Tyler Rees
- Born: 6 February 1999 (age 27) Llanelli, Carmarthenshire
- Sport country: Wales
- Nickname: Marathon Man

= Tyler Rees =

Welsh snooker player

Tyler Rees (born 6 February 1999 in Llanelli, Carmarthenshire) is a Welsh amateur snooker player. He was Under-18 European Snooker Champion in 2016.

==Career==
In February 2016, Rees entered the 2016 EBSA European Under-18 Snooker Championship as the number 15 seed, he managed to advance to the final where he defeated fellow countryman Jackson Page 5–2 in the final to win the inaugural championship.
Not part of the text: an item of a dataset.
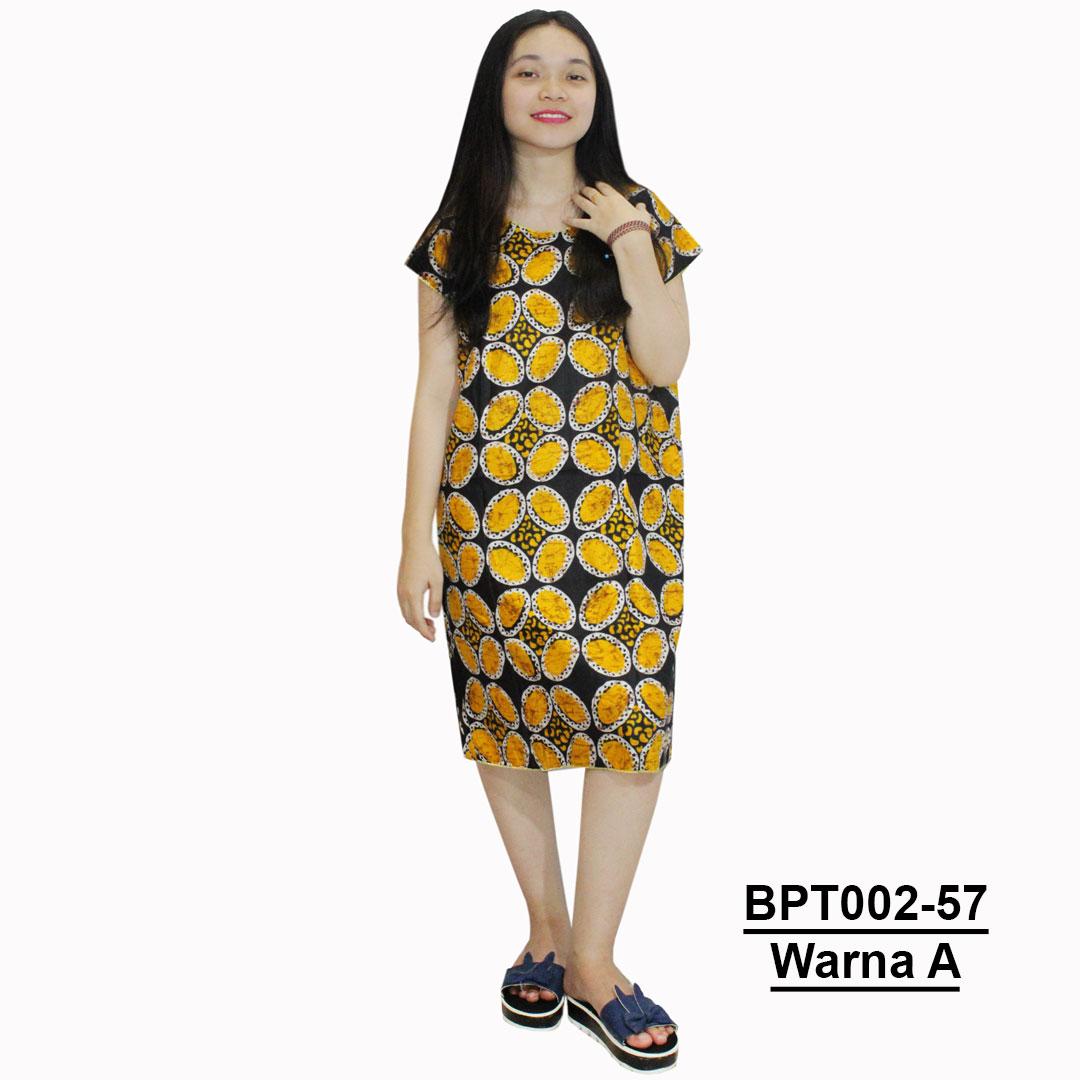 Midi, Daster Midi, Dress Santai, Baju Tidur, Piyama, Atasan Batik (BPT002-57) Batik Alhadi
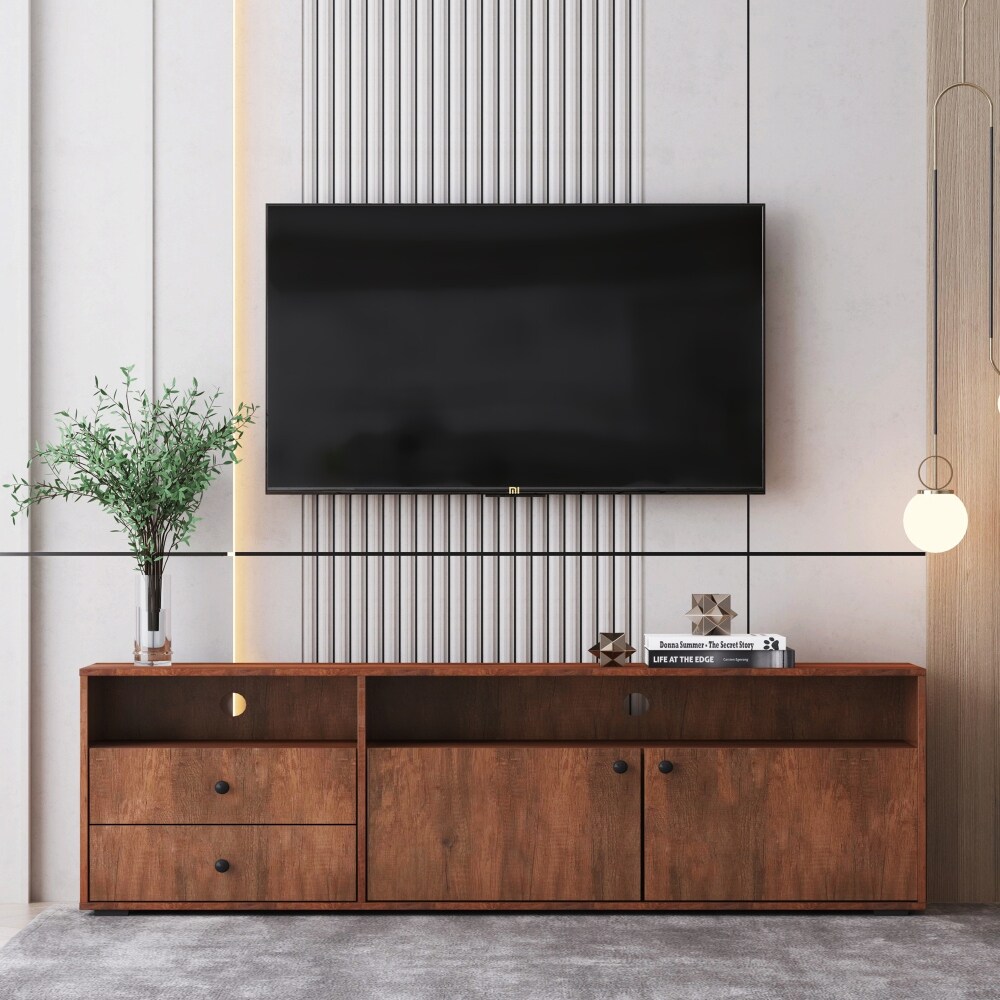 Modern Style TV Cabinet with Drawers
As a result, Rees was awarded a place in the qualifying rounds for the 2016 World Snooker Championship. He lost 10–0 there to Jimmy Robertson. The following season Rees was awarded a wildcard entry in the 2017 Welsh Open. However he was defeated in the first round 4-1 by Jamie Jones. Rees was again awarded with a place in the qualifying rounds for the World Championship, where once again he was defeated at the first hurdle, losing 10–2 to China's Xiao Guodong.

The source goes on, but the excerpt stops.